Spring naar de content

De bibliotheek

Eens in de zoveel tijd verplaatst de columnist zijn bezigheden van binnen naar buiten.

Gepubliceerd op: Geplaatst in de volgende categorieën: door Frank Heinen

Dat is goed voor de columnist – zo komt hij er eens uit – en voor zijn columns – zo worden die de vinger aan de maatschappelijke pols waar het opinieblad de columnist bij gebrek aan columnwaardige opinies om vraagt. Zo komt de columnist op plekken waar hij anders nooit zou komen.

Het liefst werkt de columnist in het café, zeker nu hij sinds kort een laptop bezit die weken zonder stroom kan en evenveel weegt als een pannekoek met niks erop. Helaas zit de columnist in cafés meestal tussen andere mensen met laptops die weken zonder stroom kunnen en die in die cafés aan hun debuutroman werken en hun Facebook-status up-to-date houden. Soms zitten er ook andere mensen in cafés, zonder laptop, maar wel met een kind dat te klein (of te luidruchtig) is voor de crèche.

En het is prijzig om hele dagen in cafés te zitten. Het opinieblad vergoedt geen vijf espresso’s per dag. Het opinieblad is wel goed, maar niet gek.

Om al die redenen zit de columnist ook weleens in de openbare bibliotheek.

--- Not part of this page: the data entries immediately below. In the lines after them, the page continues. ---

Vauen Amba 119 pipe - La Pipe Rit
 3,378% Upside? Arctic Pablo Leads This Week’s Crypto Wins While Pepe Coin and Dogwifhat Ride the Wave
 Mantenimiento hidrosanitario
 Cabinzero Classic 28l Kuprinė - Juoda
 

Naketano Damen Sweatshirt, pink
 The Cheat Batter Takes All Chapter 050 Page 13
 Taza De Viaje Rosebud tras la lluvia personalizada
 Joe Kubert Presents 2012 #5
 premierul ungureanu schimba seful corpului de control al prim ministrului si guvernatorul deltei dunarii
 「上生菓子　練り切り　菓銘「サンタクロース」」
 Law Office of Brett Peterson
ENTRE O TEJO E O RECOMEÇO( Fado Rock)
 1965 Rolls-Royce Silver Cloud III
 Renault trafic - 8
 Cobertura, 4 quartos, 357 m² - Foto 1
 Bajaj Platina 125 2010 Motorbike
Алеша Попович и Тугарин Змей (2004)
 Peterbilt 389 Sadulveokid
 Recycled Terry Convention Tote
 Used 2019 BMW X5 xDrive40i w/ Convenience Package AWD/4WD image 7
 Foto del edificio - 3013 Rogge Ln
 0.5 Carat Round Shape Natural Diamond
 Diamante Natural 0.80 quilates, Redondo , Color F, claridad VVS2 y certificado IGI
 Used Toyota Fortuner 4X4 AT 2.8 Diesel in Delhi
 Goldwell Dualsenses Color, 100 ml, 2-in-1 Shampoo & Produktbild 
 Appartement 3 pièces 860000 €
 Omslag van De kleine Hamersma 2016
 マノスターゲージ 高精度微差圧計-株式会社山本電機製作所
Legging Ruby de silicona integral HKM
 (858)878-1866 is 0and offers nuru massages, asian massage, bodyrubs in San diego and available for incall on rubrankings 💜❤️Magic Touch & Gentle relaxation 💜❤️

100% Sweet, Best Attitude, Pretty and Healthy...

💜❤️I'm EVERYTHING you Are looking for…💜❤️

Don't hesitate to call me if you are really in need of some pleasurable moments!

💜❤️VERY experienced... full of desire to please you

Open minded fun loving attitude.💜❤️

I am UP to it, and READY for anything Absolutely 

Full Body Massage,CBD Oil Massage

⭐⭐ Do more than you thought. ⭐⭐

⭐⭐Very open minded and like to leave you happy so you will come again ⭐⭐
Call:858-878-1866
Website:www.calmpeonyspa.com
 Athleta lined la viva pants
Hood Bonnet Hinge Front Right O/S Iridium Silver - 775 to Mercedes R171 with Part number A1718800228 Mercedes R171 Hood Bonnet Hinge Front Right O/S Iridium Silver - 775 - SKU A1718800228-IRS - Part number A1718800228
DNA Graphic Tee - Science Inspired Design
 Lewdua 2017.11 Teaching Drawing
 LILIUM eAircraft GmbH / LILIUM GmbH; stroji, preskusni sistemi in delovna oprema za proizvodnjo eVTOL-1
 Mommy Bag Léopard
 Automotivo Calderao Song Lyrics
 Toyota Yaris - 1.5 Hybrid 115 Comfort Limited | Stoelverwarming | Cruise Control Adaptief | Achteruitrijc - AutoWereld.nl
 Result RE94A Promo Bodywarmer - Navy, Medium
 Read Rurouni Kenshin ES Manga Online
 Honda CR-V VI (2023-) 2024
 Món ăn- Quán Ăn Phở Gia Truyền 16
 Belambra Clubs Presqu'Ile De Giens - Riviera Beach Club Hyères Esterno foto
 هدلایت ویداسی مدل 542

De bibliotheek bestaat uit meerdere verdiepingen. Op het eerste niveau bevindt zich de koffiecorner, waar studentes muntthee en muffins venten. Er staan computers in gezellige ovalen en je kunt er alle kranten lezen.

Op de tweede verdieping staan de romans en de informatieve werken over hoe je het best een huisdier op een flat kunt houden, de reisgidsen en vijf kasten met boeken over de vaderlandse geschiedenis.

Ertussen staan overal tafeltjes die bedoeld zijn om aan te lezen, te werken of gewoon om aan te suffen, een bezigheid die de columnist hoog heeft zitten.

De tafeltjes zijn populair, meestal zijn ze allemaal bezet door mensen die er aan lezen, werken of zitten suffen. Soms heeft de columnist geluk.

Wanneer hij eenmaal zo’n tafeltje heeft bemachtigd, kijkt de columnist om zich heen, altijd op zoek naar een maatschappelijke pols waar hij als een bezorgde arts zijn vinger op kan leggen.

Wie niet vaak – of niet lang achtereen – in openbare bibliotheken is, mist iets, vindt de columnist. De openbare leeszaal is het best te vergelijken met een film van Fellini – een vergelijking die de columnist vaak leest bij bewonderde columnisten. Je zou ook kunnen zeggen dat het er een zooitje is. Er is een man die zich verkleedt als indiaan, de hele dag chips eet en zijn gezicht verbergt achter de kinderbijbel.

Je hebt de gokster, een vrouw die op meerdere internetschermen tegelijk allerhande sportwedstrijden volgt en daar op inzet. In haar ogen staat de honger van de ware gokker te lezen. Even verderop zitten de meisjes met de hoofddoekjes, die direct vanuit school hierheen komen om tot sluitingstijd te praten en te giechelen. Er zijn de zzp’ers, die net als de columnist ingewikkelde koffiecombinaties drinken en hun telefoon naast zich hebben liggen, omdat er altijd een opdrachtgever kan bellen.

Er is de oude dame die iedere dag om hulp vraagt bij het kopiëren van artikelen over Marion Bloem.

Af en toe komt de sandwichman binnen die “Stem Jezus” op zijn rug heeft, om het Stadsblad te lezen. En dan heb je nog de man die af en toe midden in de leeszaal gaat staan en “LEKKER HÈ, STILTE!” roept en die een van de koffiecornermeisjes een keer met brownies schijnt te hebben bekogeld. En de mannen die hardop hun eigen schaakspel becommentariëren (eentje, de minst goede speler van de twee, kan niet zo goed tegen zijn verlies), en de grijze man met de schipperstruien die Chinezen Nederlands leert door iets aan te wijzen en erbij te zeggen hoe het heet.

Een keer wees hij op de columnist, die een tafeltje verderop worstelde met wat prikkels. De man zei, voor iedereen hoorbaar: “Wij: praten. Hij: kijken.”